Clearly from her actions, Dorothy McMahon took her lead from Jesus actions ("what ye do for the least in my kingdom...") and not the institutional high ground. She found that street people lived in her church's neighbourhood and began to address their needs. She became aware of a vital gay and lesbian population in the heart of Sydney and began to make this church a place of welcome to them. She became such a persistent advocate for the poor, the marginalised and the dispossessed that slowly, but surely, both she and the congregation emerged as one of the recognised change agents in all of the Uniting Church. Of course, she was called "controversial", all change agents are - and the traditional Christian voices, who are always fearful of new things, began to rail against her liberal innovations. Friends recall that protestors frequently picketed her church. These deeply threatened "Christians" went so far as to spread human and animal faeces on both the church and on Dorothy McMahon's home. Pitt Street Church, however, began to come alive. People who had long ago given up on the Church began to dip their toes back into Christianity at this place, tentatively at first, lest they experience a repeated rejection.

Dorothy McMahon also began to challenge publicly the traditional ways in which Christianity was proclaimed. She forced people to look with new eyes at a literal Bible that has so often been used to justify prejudices, to blame the poor for their poverty and to condemn gay and lesbian people for being who they are. That understanding had to go. Going beyond even that, Dorothy began to separate her theology from that familiar theology that wallowed in sin and helplessness and that culminated in a divine rescue operation that was said to have led to Jesus' crucifixion. Such a theological understanding of the Church did nothing, she rightly discerned, to lift the despair from the street people. The mantra, "Jesus died for my sins" was quickly replaced by a message of love and caring that started with an act of self-affirmation and grew into giving people the courage to be all that they were created to be. The infinite variety in the human family was not just tolerated in this church, it was fully celebrated. Even down here in Melbourne we heard that people of all races and ethnic backgrounds, male and female, gay, lesbian, transgender and bi-sexual people, even people of a variety of religious backgrounds or of no religious backgrounds at all found themselves welcomed in this congregation.

A new Christian order was born back then in Pitt St. It is my view that Jesus would have been in the thick of this in person 2000 years ago, and spiritually today. The new Christian order appears to be being born again in this humble old Pitt Street Church in Sydney recently with the emergence of a group of Christians prepared to find the relevance of our Lord's message in the 21st century. Common Dreams!

Well really its not so much the message, its the delivery. Unshackled from religious institutional hyperbole and irrelevant literalist thinking.

I note that the conference was condemed by certain apparently Christian groups in Sydney; proselytizing instead a dictatirial literalist position. If the media reports are anything to go by, the response from the common person seems to be disagreement. That's great, the literalists have actually provoked a response! Sydney is a lucky place. I look forward to the movement finding its momentum in Melbourne.

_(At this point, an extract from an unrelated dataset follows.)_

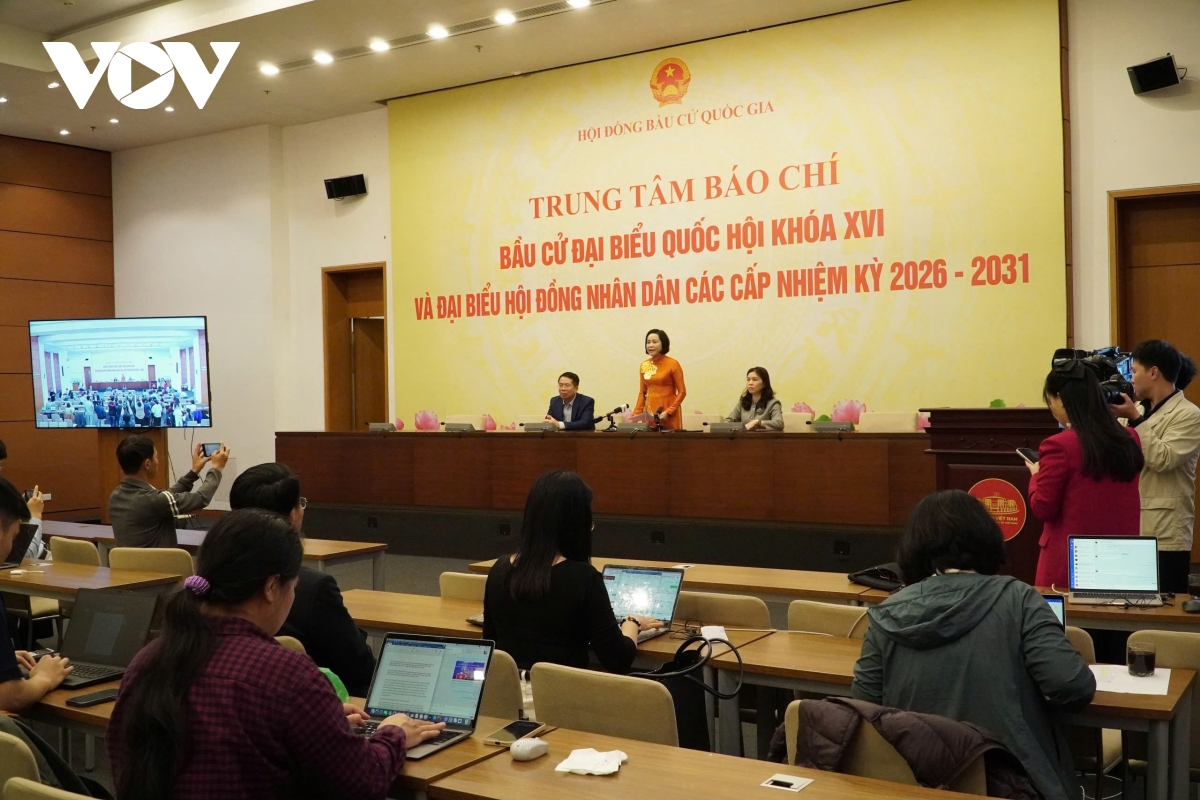 tuong thuat truc tiep ngay hoi toan dan 15 3 2026 hinh anh 301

Blogger John Bunyan said...

In all fairness, one should note that the Uniting Church in addition to Pitt St. has two other churches in Sydney's heart, including the very very large Wesley Mission a block away doing much good work, and S.Stephen's, Macquarie St. Pitt Street's liberal contribution is certainly needed & I sometimes attend on Sundays - though some like myself do not think the best and most thoughtful modern Christianity was represented by Bp Spong's recent addresses there. (Listen to them & make your own judgment!)